Han Migration to Xinjiang Uyghur Autonomous Region: Between State Schemes and Migrants’ Strategies

Agnieszka Joniak-Lüth, “Han Migration to Xinjiang Uyghur Autonomous Region: Between State Schemes and Migrants’ Strategies,” Zeitschrift für Ethnologie 138, no. 2 (2013): 155-174


Joniak-Lüth traces how the influx of Han labourers over the last few decades has produced spaces in Xinjiang where these migrants interact very little with the region’s indigenous groups. Furthermore, she argues that this long-term process has generated a diverse array of identities among Han migrants, with some identifying more with Xinjiang than their place of origin.


Post-1949 Han migration to the Xinjiang Uyghur Autonomous Region in northwest China is a hotly debated issue among Xinjiang scholars as well as among the population of the region itself. While it is often discussed as a large-scale historical process using statistical data, in this article I argue for a more differentiated view of Han migrants. I demonstrate that in the popular discourse, migrants are distinguished into numerous categories like Bingtuaners, Profit-Driven Migrants, Border Supporters, Qualified Personnel, Educated Youth and others.

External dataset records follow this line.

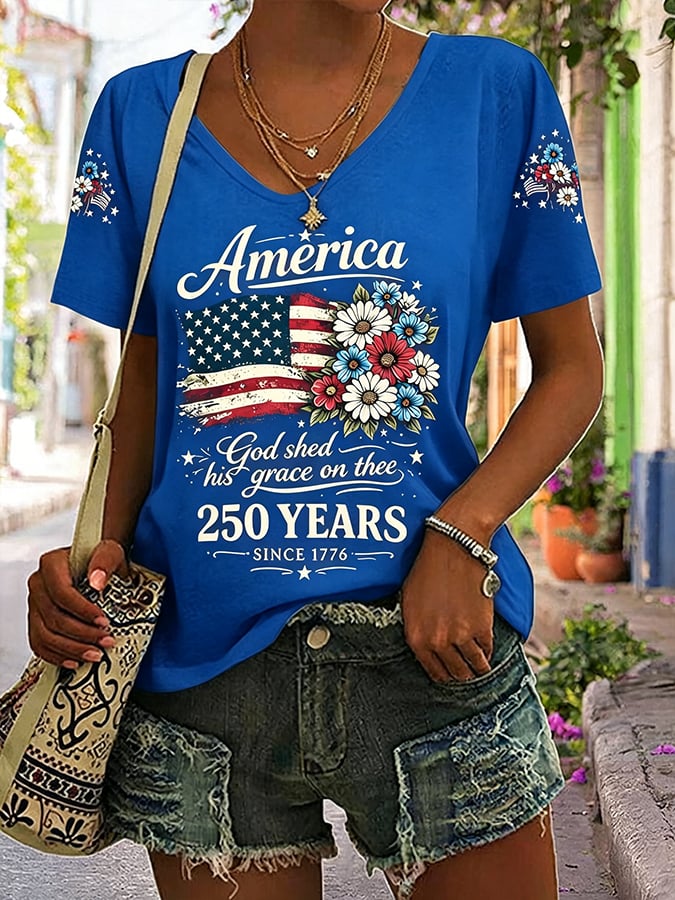 Women's America 250 Years 1776-2026 Print V Neck T-shirt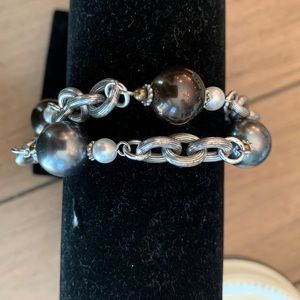 Brighton gray/black/white “pearl” beads bracelet.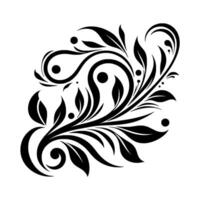 Elegant Black and White Flourish with Swirls, Leaves, and Dot Accents, Isolated on White Background. vector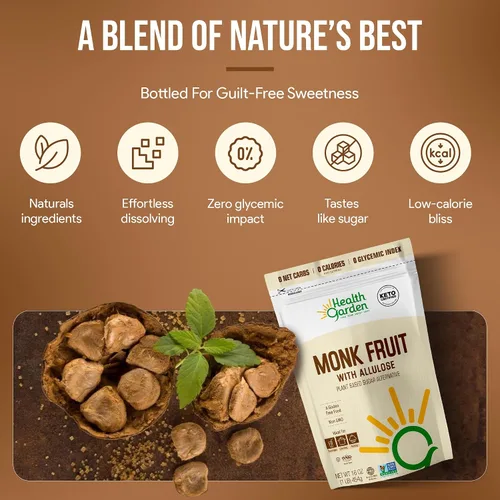 Vista 5 de Health Garden Fruta del monje con edulcorante de alulosa, alternativa natural de azúcar a base de plantas con cero calorías, sin gluten, vegano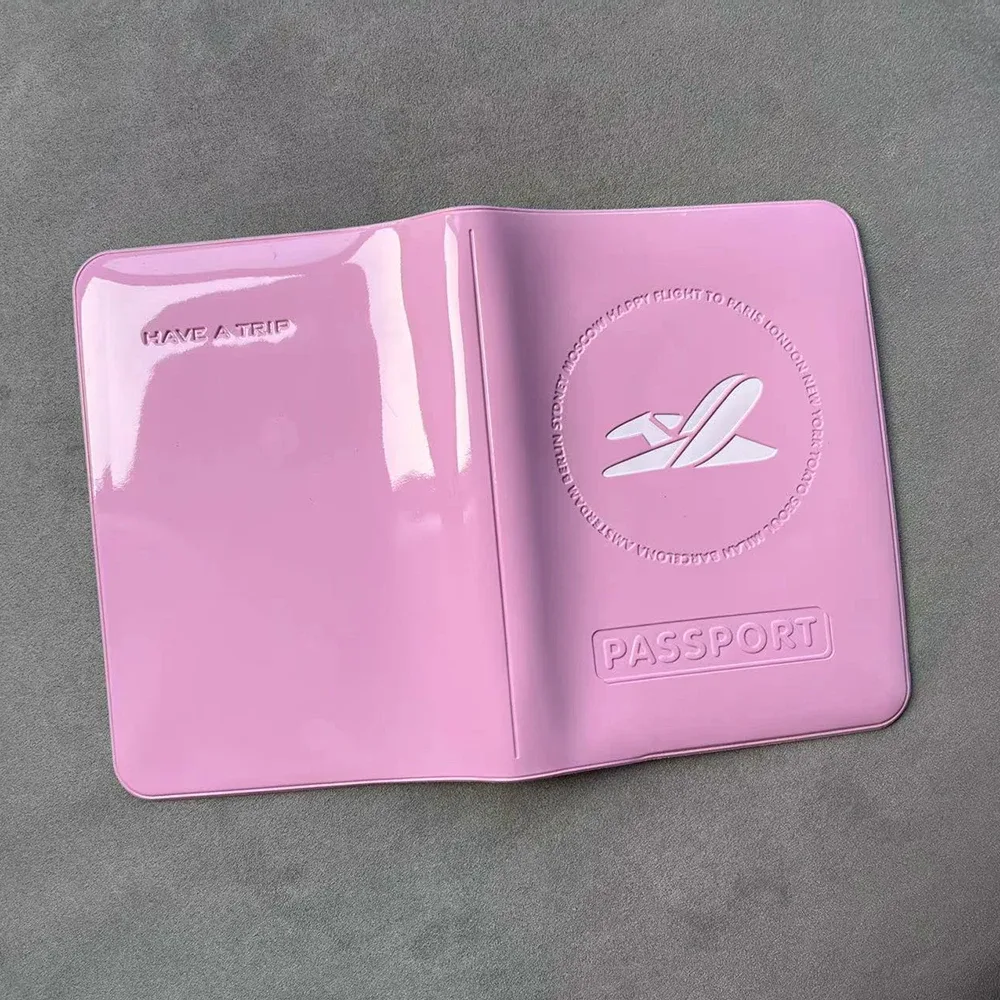 porte-passeport en pvc pour femme, design 3d rose, étanche, accessoires de voyage, avion
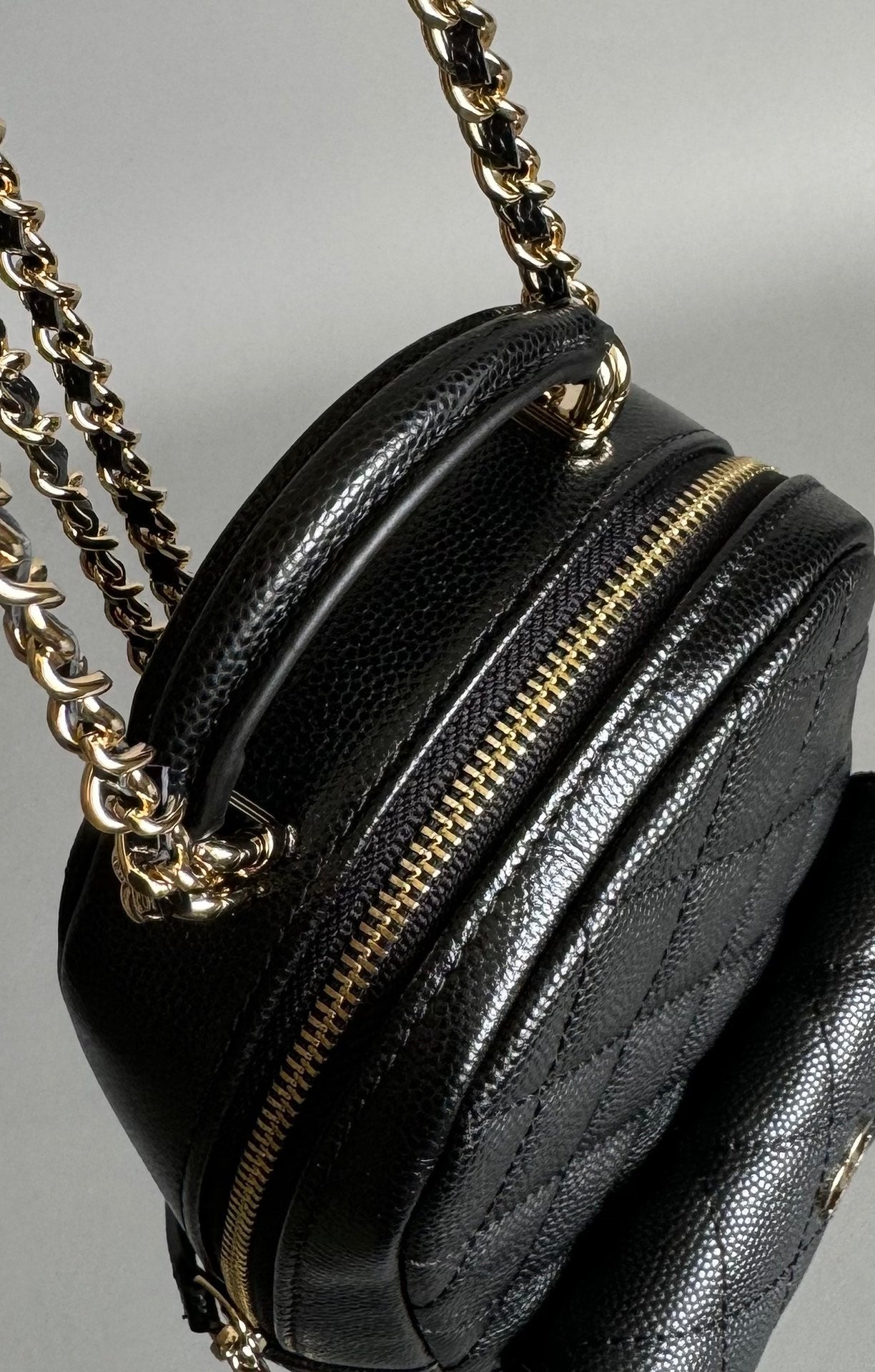 Sac à dos CC MINI 18 noir caviar clair matériel doré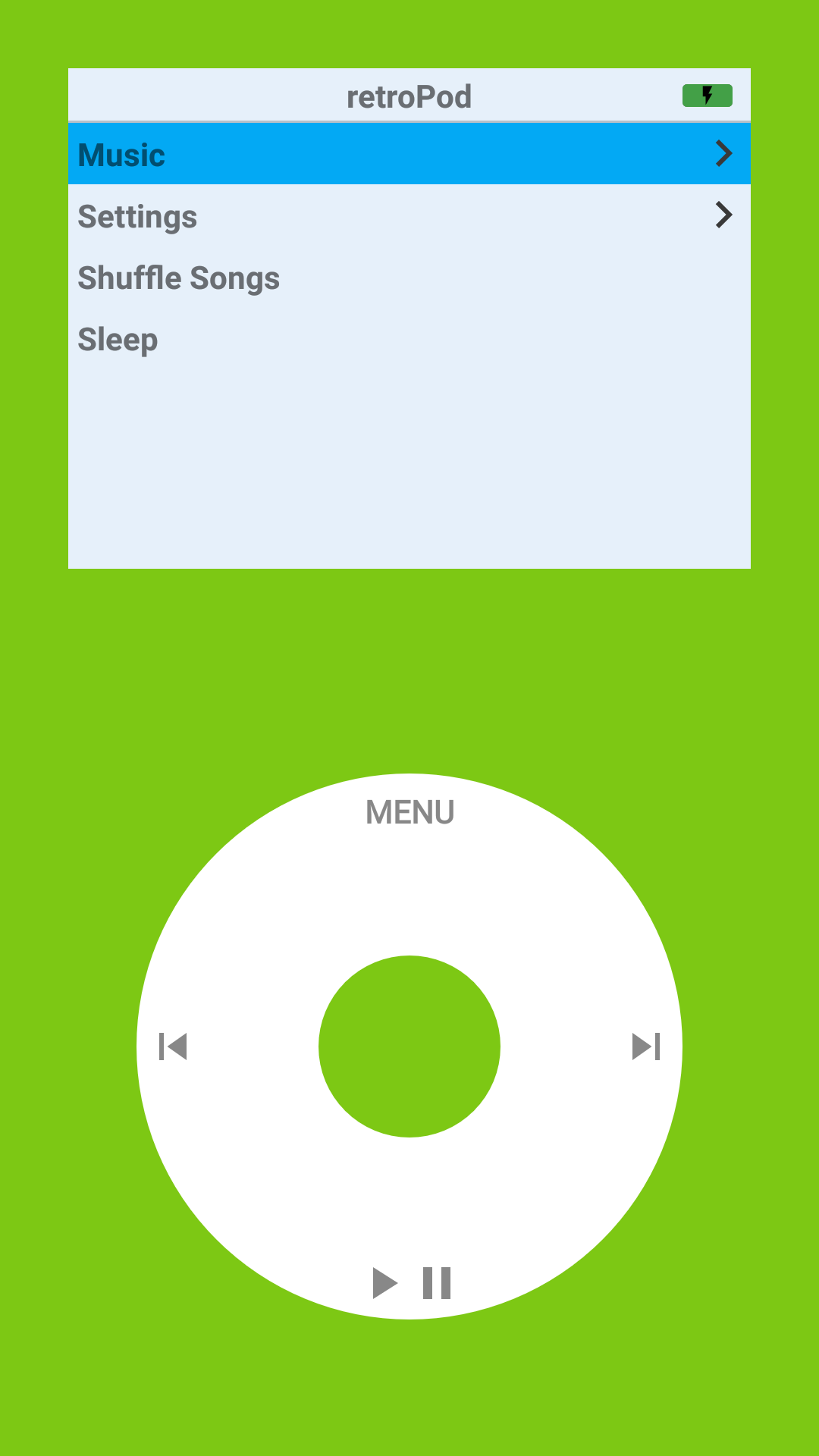 اسکرین شات 2 برنامه retroPod: ClickWheel Music App
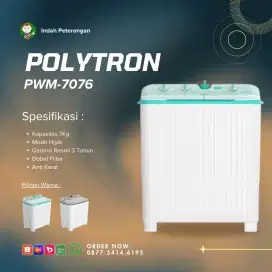 Polytron Mesin Cuci 2 Tabung 7 Kg PWM-7076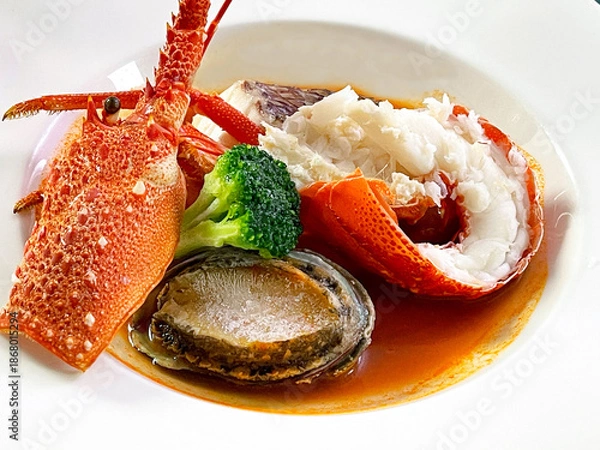 Obraz 伊勢海老と鮑の高級フレンチ料理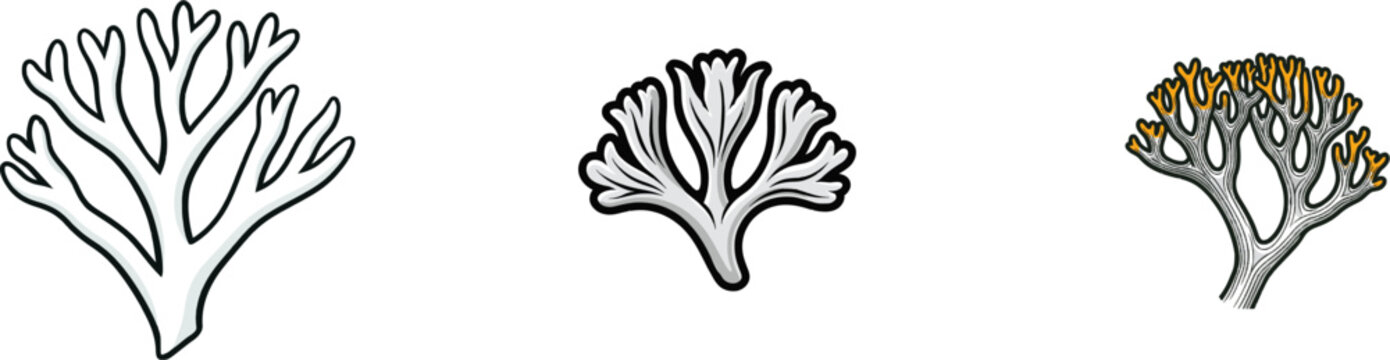 A minimalist coral fungus drawing showcases intricate branches with clean black lines against a stark white background, ideal for vector tracing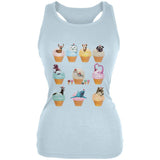 Ice Cream Cone Animals Pale Blue Juniors Soft Tank Top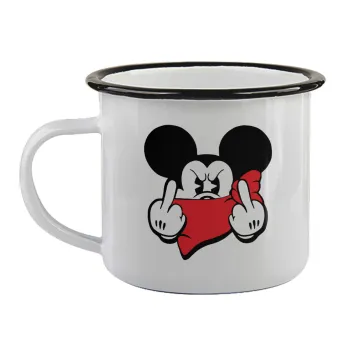 Mickey fuck off, Κούπα εμαγιέ με μαύρο χείλος 360ml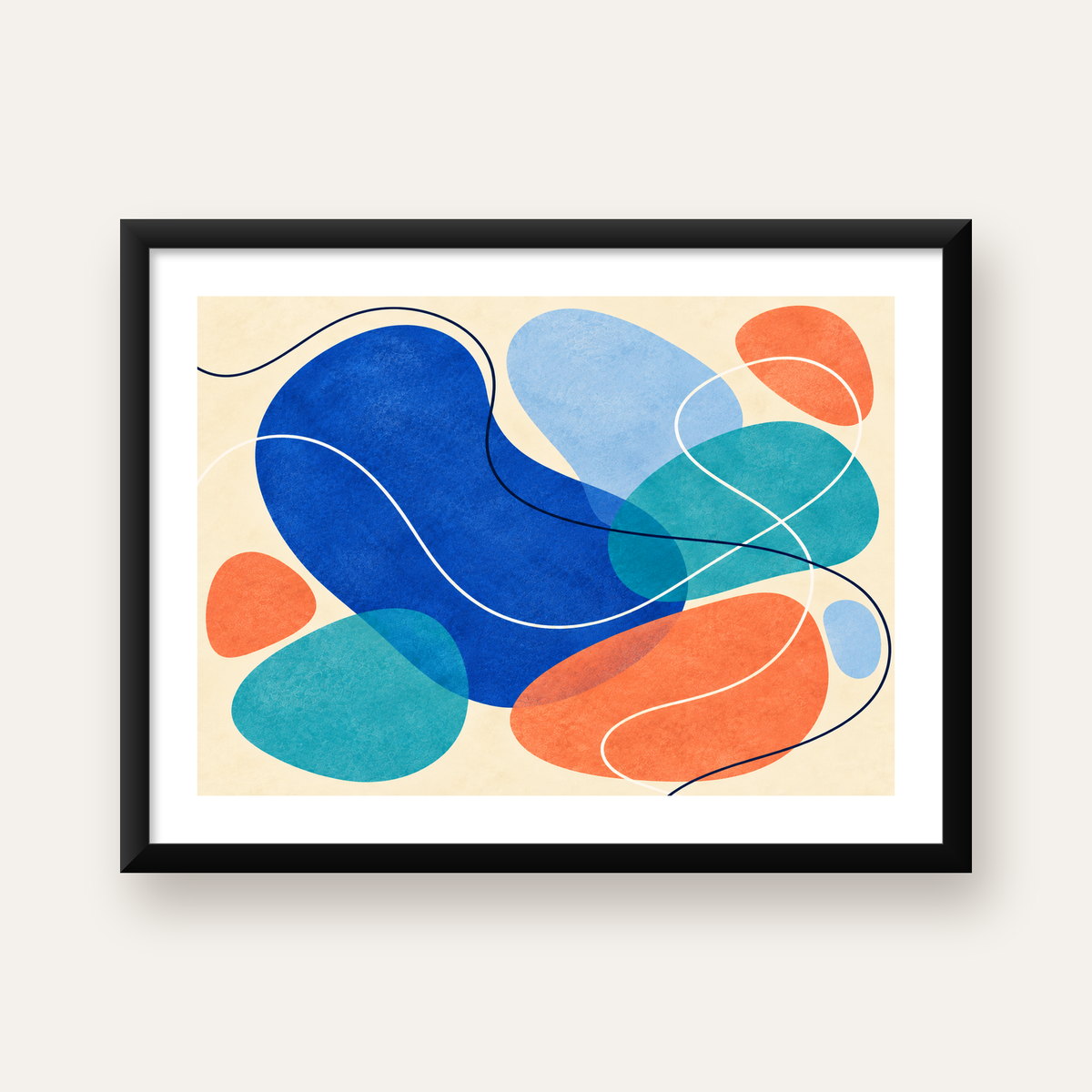 Renkli Soyut Şekiller Modern Dijital Poster – Çerçeveli Baskı — Yatay baskı, beyaz kenar boşluklu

Accordingly, I argue that Han migrants to Xinjiang should not be understood as a homogeneous category of participants in a singular state project intended to establish state control over the region. High return rates demonstrate that state attempts to make Han migrants settle in Xinjiang are only partly successful and that migrants follow their own strategies when the situation permits, rather than fulfill the government’s plans. Individuals who have migrated since the 1980s are especially careful in their assessment of the economic incentives of settlement and many decide to remain mobile.